La “singolarità” di Franzosini va dunque oltre la sua predilezione evidente per quelle che Giuseppe Pontiggia avrebbe chiamato “vite di uomini non illustri”. Predilezione che s’inserisce tra l’altro in un preciso filone contemporaneo, che potremmo definire “microbiografico” o più in generale “microromanzesco”, e che ha in Jean Echenoz, Pierre Michon e, in parte, nel Bolaño di La letteratura nazista in America gli esempi forse più rappresentativi; senza dimenticare i due antesignani del (micro)genere, il già menzionato Schwob e Félix Fénéon, che guarda caso compare fra i personaggi del Grande trampoliere (a quando una microbiografia dedicata al romanziere in tre righe, firmata Franzosini?).
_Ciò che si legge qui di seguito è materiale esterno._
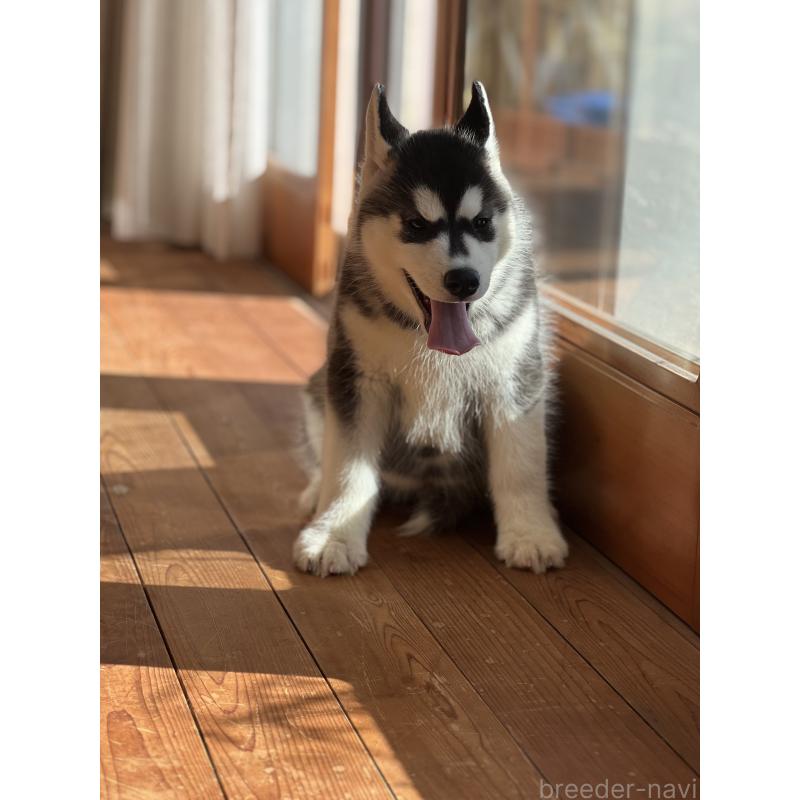 成約済の静岡県のシベリアンハスキー-426759の8枚目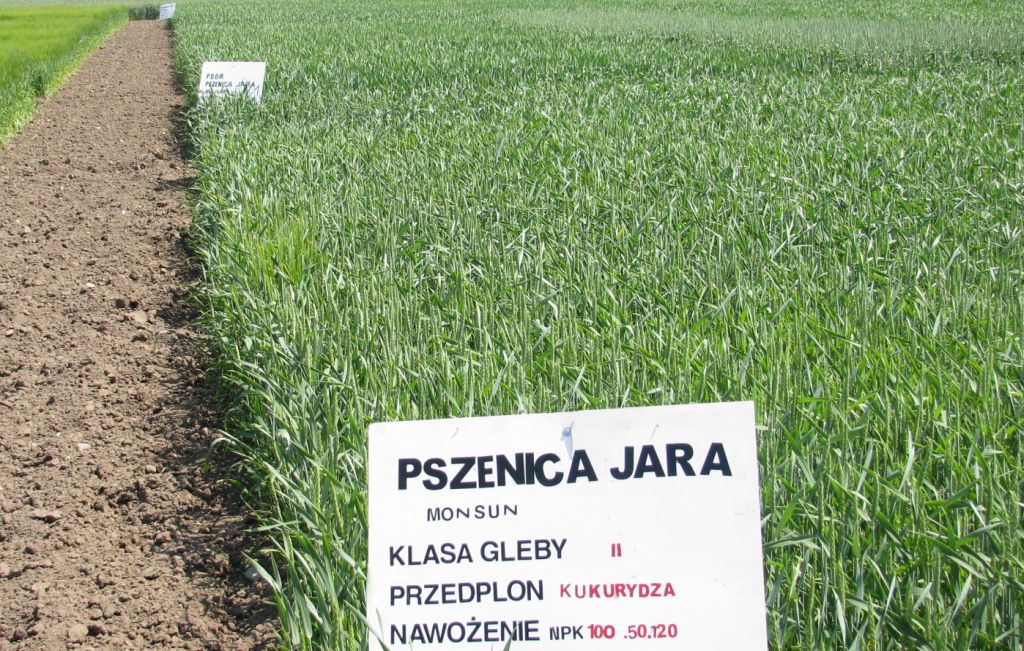 polska pszenica Egipt, uprawa zbóż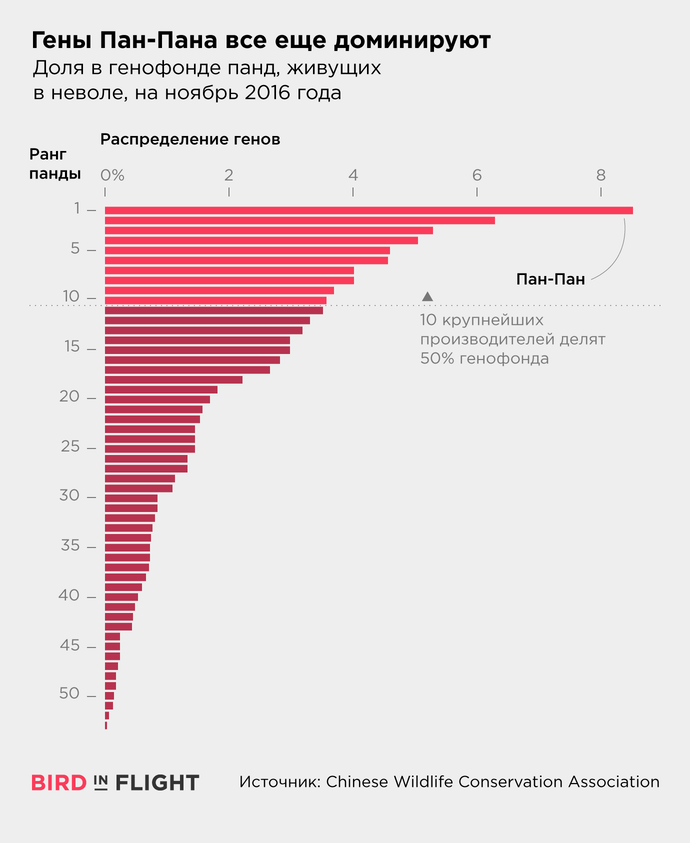 Непростое наследие панды, любившего секс дикая природа,животные,защита животных,охрана природы,природа,секс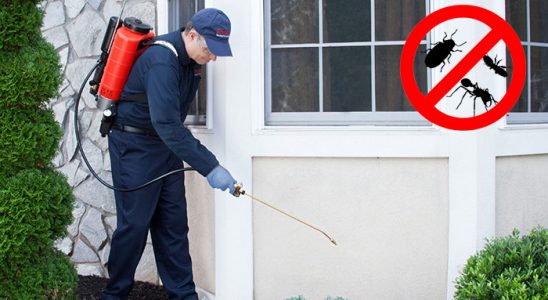 Karacasu Böcek ve Haşere İlaçlama böcek ilaçlama ve haşere kontrolü — ilaclama-tr.com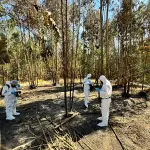 Investigan incendio en Purén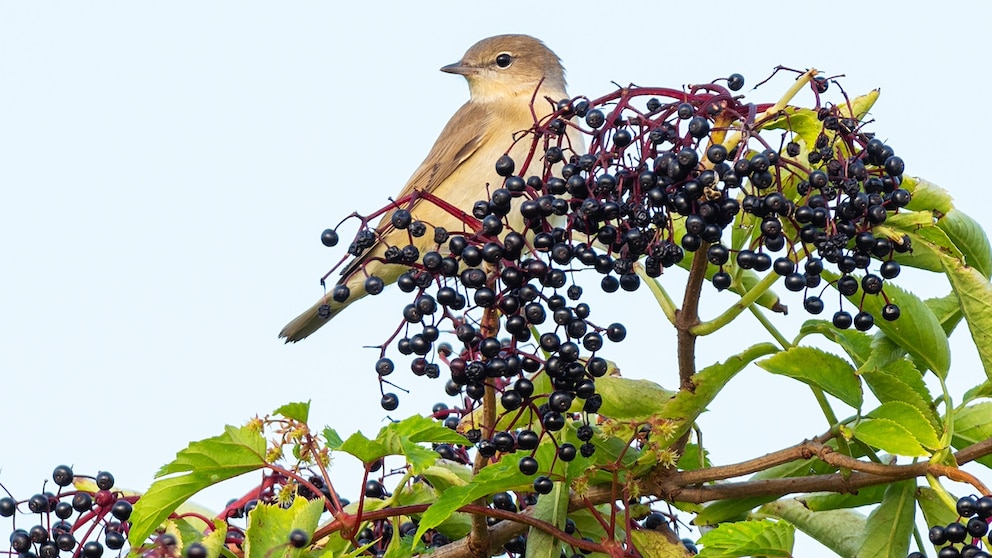 Holunder ist bei vielen heimischen Vogelarten beliebt, wie bei der Gartengrasmücke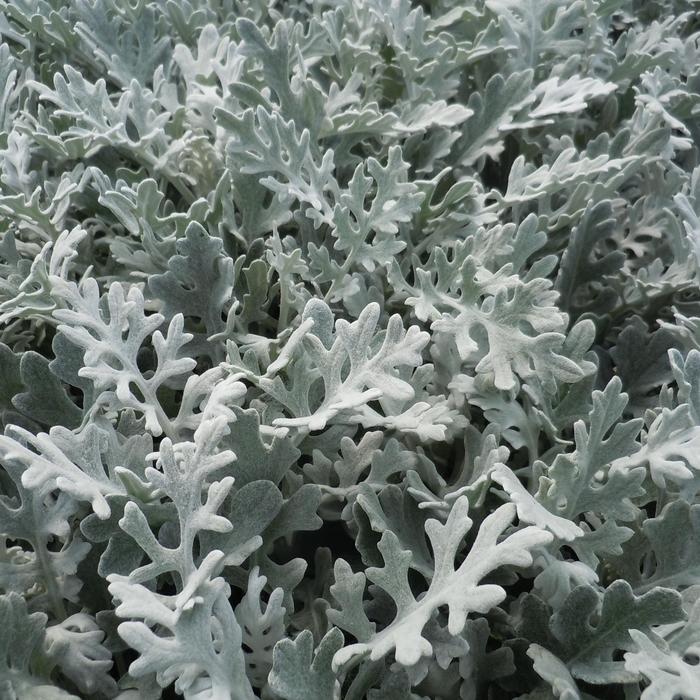 Dusty Miller 'Silver Dust' - Senecio cineraria from The Flower Spot Dusty Miller 'Silver Dust' - Senecio cineraria from The Flower Spot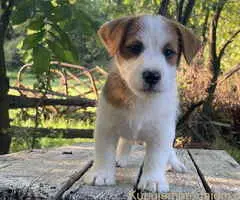 🐶 Dostupni oštrodlaki štenci dzek rasel terijera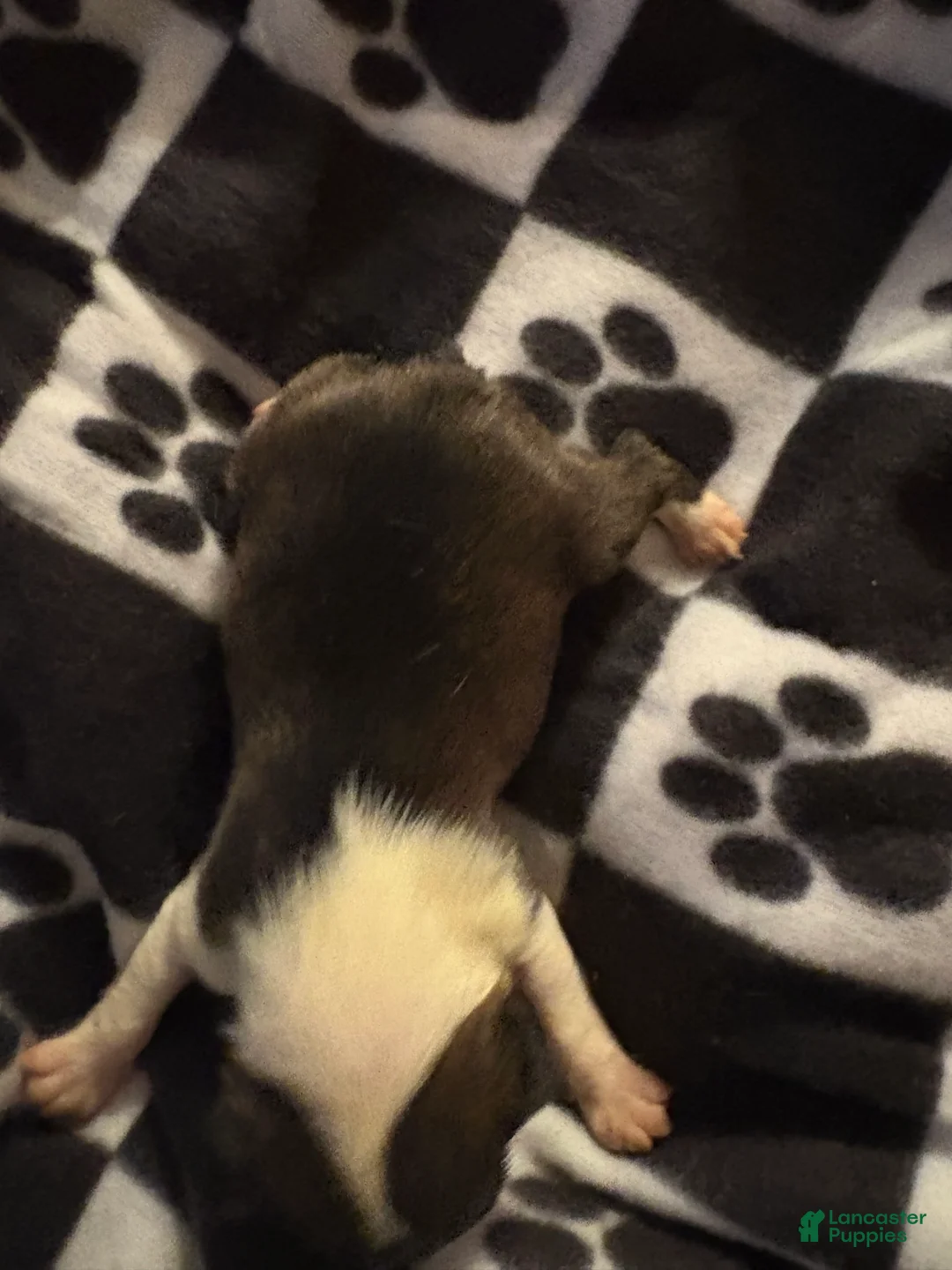 Boston Terrier dogs for sale: Eugene - Ad 2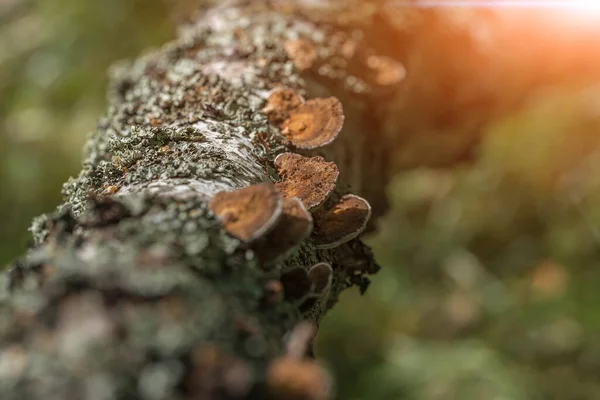 Fungi Tree Trunk Forest Parasites — Stock Photo, Image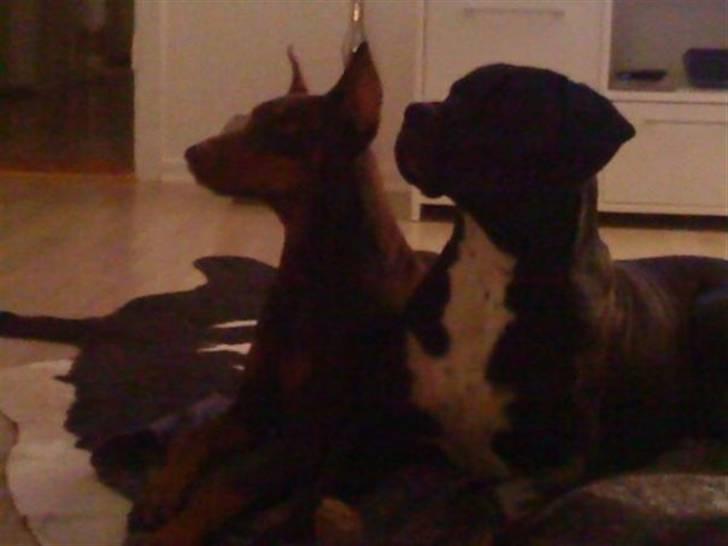 Blanding af racer Cali - Himmelhund - jeg elsker det her billede <3 de to bedste veninder i hele verden billede 20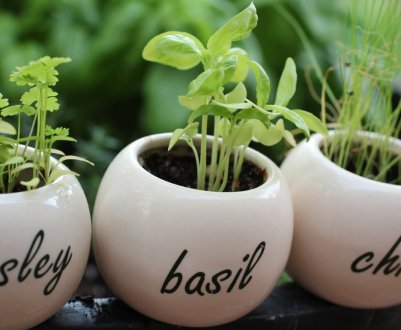 Львівська компанія планує вирощувати пряні трави в горщиках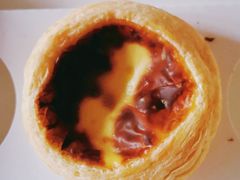 -蒲公英(五里店)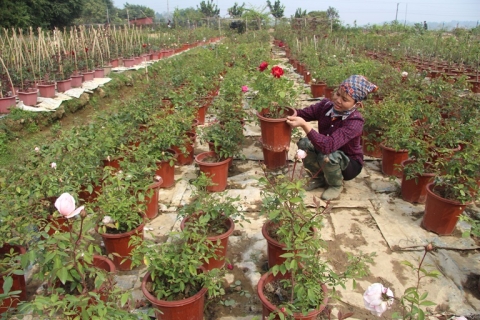 quan tam dao tao nghe cho lao dong nong thon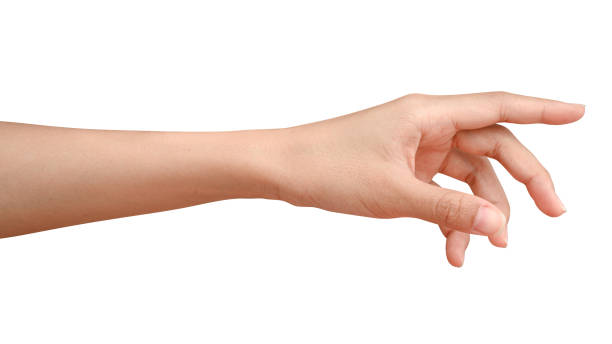 istock Hand open and ready to help or receive. Gesture isolated on white background with clipping path. 1224635222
Quello che più di ogni altra cosa sorprende e desta curiosità in Franzosini è semmai il suo destino critico. A lungo autore per (felici) pochi, parco nella produzione letteraria, con grandi silenzi fra un libro e l’altro (quindici anni separano Bela Lugosi, del 1998, da Sotto il nome del cardinale), talvolta fin troppo cosciente dei propri limiti («Non vorrei finire per essere lo scrittore delle vite eccentriche... poi, chissà, forse sono capace di fare solo quello»), più o meno a partire da Questa vita tuttavia mi pesa molto (2015) Franzosini è diventato un autore di culto,  (addirittura, come ha scritto qualcuno, “il nostro Bolaño”: esagerato) seguito con grande attenzione soprattutto dalla critica più giovane, che in qualche caso ha esaminato la sua opera complessiva con sorprendente puntualità

 

C’è da domandarsi se davvero sia soltanto una questione di politiche editoriali (la comprovata abilità adelphiana nel trasformare ogni outsider di talento in un piccolo caso letterario), o magari del crescente interesse, anche qui da noi, per l’ibridazione tra fiction e non-fiction. Forse c’entra l’eterno fascino dell’irregolare? Spesso è stato scritto che Franzosini (persona di grande cordialità e discrezione, per chi ha avuto il piacere di incontrarlo) assomiglia ai personaggi di cui racconta le storie. Ma l’irregolare autentico e il bizzarro, come ha detto qualcuno, non sono affatto la stessa cosa. L’irregolare allarga i confini della propria disciplina, mentre il bizzarro si limita a ricamare, anche sapientemente, l'orlo della stoffa. È difficile distinguerli a una prima occhiata, ma un segno c'è: i veri irregolari, i “minori-maggiori”, contagiano gli altri con la loro irregolarità. Arthur Cravan, il discolaccio che dava del “rinoceronte” ad Apollinaire e perdeva agli scacchi con Duchamp, quasi senza saperlo ha anticipato Tristan Tzara e André Breton, il quale avrebbe in seguito riconosciuto in lui nientemeno che «la pura dimensione del genio, allo stato grezzo». Accadrà lo stesso a Edgardo Franzosini e al suo sterminato archivio di vite eccentriche? Da semplice lettore, lo confesso, ne sarei molto contento.